Julien Bridge

A roman bridge in the Luberon

The Julien Bridge is located on the Domitian Way (via Domitia), which passed through Cavaillon linking Narbonne (Colonia Narbo Martius) with Turino (Augusta Taurinorum) to finally reach the Alps and provide communications with Rome. It owes its name to the proximity of Apt, called at the time Colonia Apta Julia.

Built under the orders of Julius Ceasar,  it owes its name to the proximity of Apt, called at the time Colonia Apta Julia.

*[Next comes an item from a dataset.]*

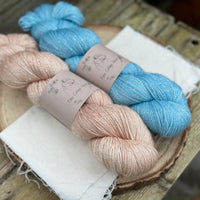 Two skeins of yarn with silver sparkle runnign through it. One pale orange skein and one blue skein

Traditionally dated from the year 3 BC, the architecture of this edifice, 80 m long, 6 m wide, 11.50 m high, and with a span of 46 m, is characterized by its quite elegant appearance, thanks to the three, very wide semi-circular arches providing a lightness of style and solidity. The central arch is higher and wider than the others ; the intermediate supports are pierced with large semi-circular openings, to allow for the draining of the waters of the Cavalon when their levels rose, and are fitted upstream wih semi-circular cutwaters. The limestone used in its construction came from the quarries of the Luberon. It replaced an older bridge, of which we can see traces around the supports. 

Classed on the 1914 list as "Historical monument", the Julien Bridge has resisted time.

In 1789, work was undertaken, cracks were filled in and it would no longer be open to heavy vehicles.  In the 20th century, the Julien Bridge needed urgent repairs ; following acceptance, the town decided to begin its restoration, with the support of the Conseil Général. Today, the Pont Julien is still used to reach the N100. 

The Julien Bridge was part of the roads network (departmental route 108) until Spring 2005 and the making of a detour and construction of a new bridge nearby, in order to protect it... A brand new concrete bridge was built to save the Julien Bridge from traffic.